-- EXERCISE AIM --
Would you please repeat, word for word, only the lines from the one holding "Travis Japan「Say I do」配信ジャケット" through the one holding "Cuando nos sentamos" in the material below, without the pictures?

-- DATASET RECORDS --
———
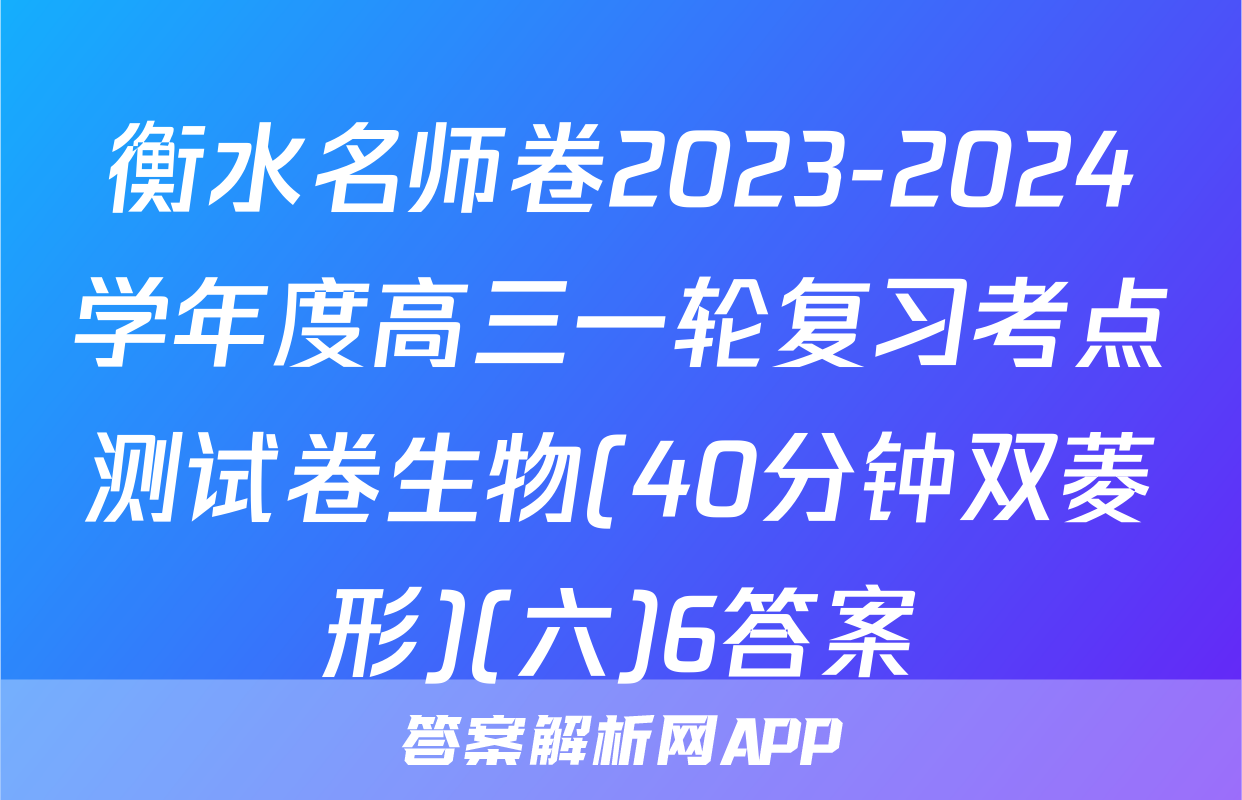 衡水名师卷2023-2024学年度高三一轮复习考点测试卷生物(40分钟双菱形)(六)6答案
———
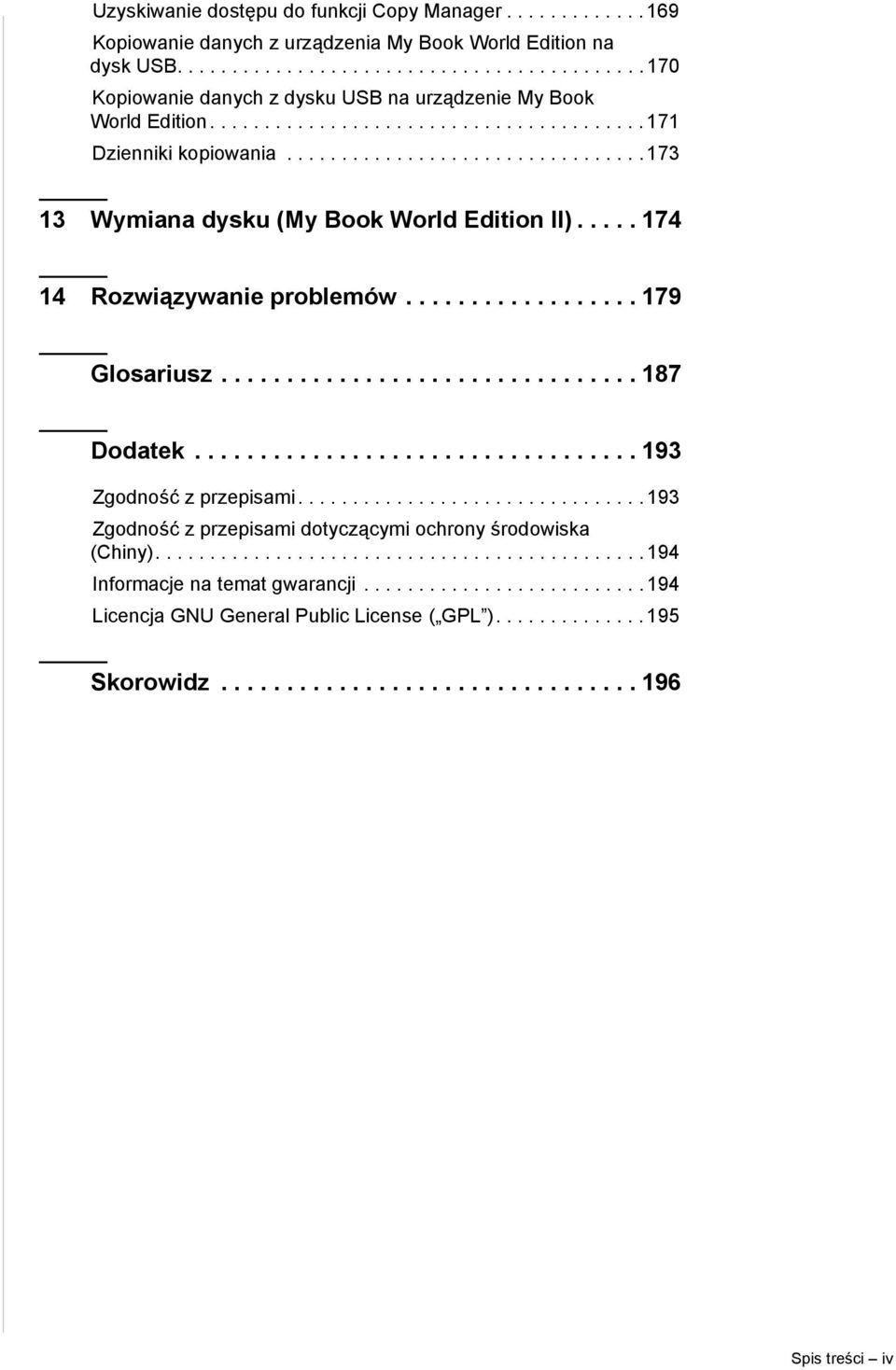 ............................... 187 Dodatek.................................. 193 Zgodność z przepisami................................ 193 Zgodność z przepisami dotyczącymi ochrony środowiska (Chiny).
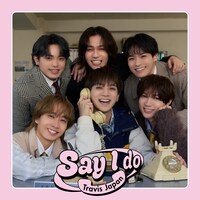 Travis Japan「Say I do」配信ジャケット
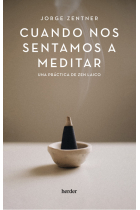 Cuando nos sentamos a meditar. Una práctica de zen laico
———
-- WRITTEN ANSWER --
 Travis Japan「Say I do」配信ジャケット
 Cuando nos sentamos a meditar. Una práctica de zen laico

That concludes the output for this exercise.